Mark Hartsell (born December 7, 1973, in Brockton, Massachusetts) is an American former quarterback for the Boston College Eagles, Chicago Bears, and Scottish Claymores.

==College/Amateur==
Lettered in basketball, football, and baseball at Brockton High School. Played under both Tom Coughlin and Dan Henning at Boston College. As a junior, started 11 of 12 games and completed 159 of 257 passes with 13 TDs. His first collegiate pass as a starter was a 74-yard TD pass vs. Michigan. As a senior, he started 11 games, completing 188 of 349 attempts for 1,864 yards and 12 TDs. Was the winning quarterback in the 1994 Aloha Bowl, completing 12 of 29 passes for 168 yards. Finished 5th all time in passing yards, 6th in attempts & completions at Boston College.

==Professional career==
Signed as an undrafted rookie free agent with the Washington Redskins in 1996, but didn't make the final cut. In 1997 Hartsell was allocated to the Scottish Claymores of NFL Europe by the Redskins. Hartsell was out of football in 1998 and 1999, before joining the Chicago Bears practice squad in 2000. In 2000, he appeared in his only NFL game on Sunday Night Football on December 3, 2000 against the Green Bay Packers. He played one play, attempting a pass to TE Kaseem Sinceno that fell incomplete. Hartsell was claimed of waivers by the Indianapolis Colts before the 2001 season, but didn’t make the team.

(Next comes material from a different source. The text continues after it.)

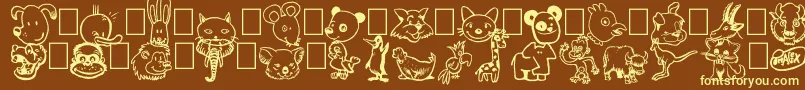 Toonimals Font – Yellow Fonts on Brown Background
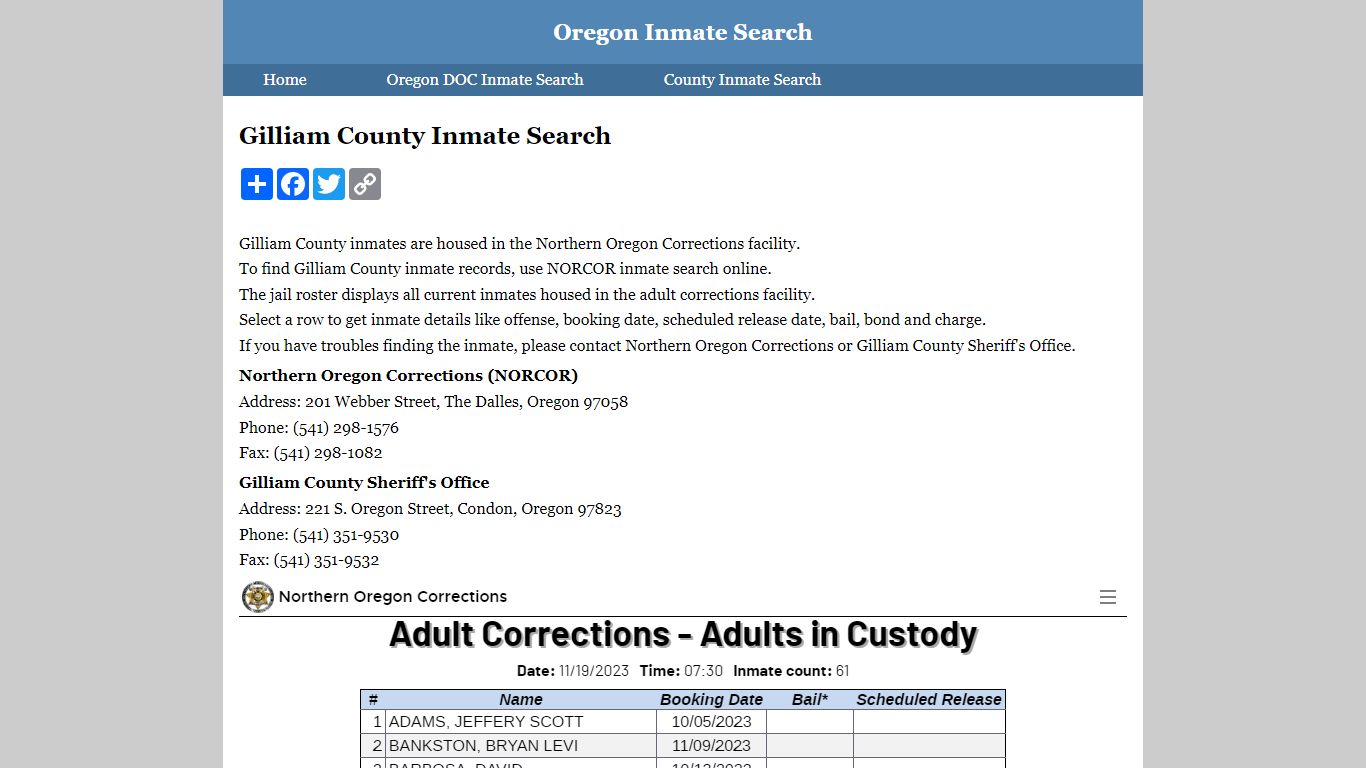 Gilliam County Inmate Search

He now is an assistant football coach at Seekonk High School in Seekonk, MA.

==Personal life==
Hartsell currently resides in Bridgewater with his wife Jen and three kids, Austin, Chase, and Kenley. He works as a personal quarterback coach for youth and collegiate players on the east coast, and has partnered with pitching and quarterback guru Tom House in LA, California. He has worked with New England Patriots wide receiver, Julian Edelman, and many other notable players.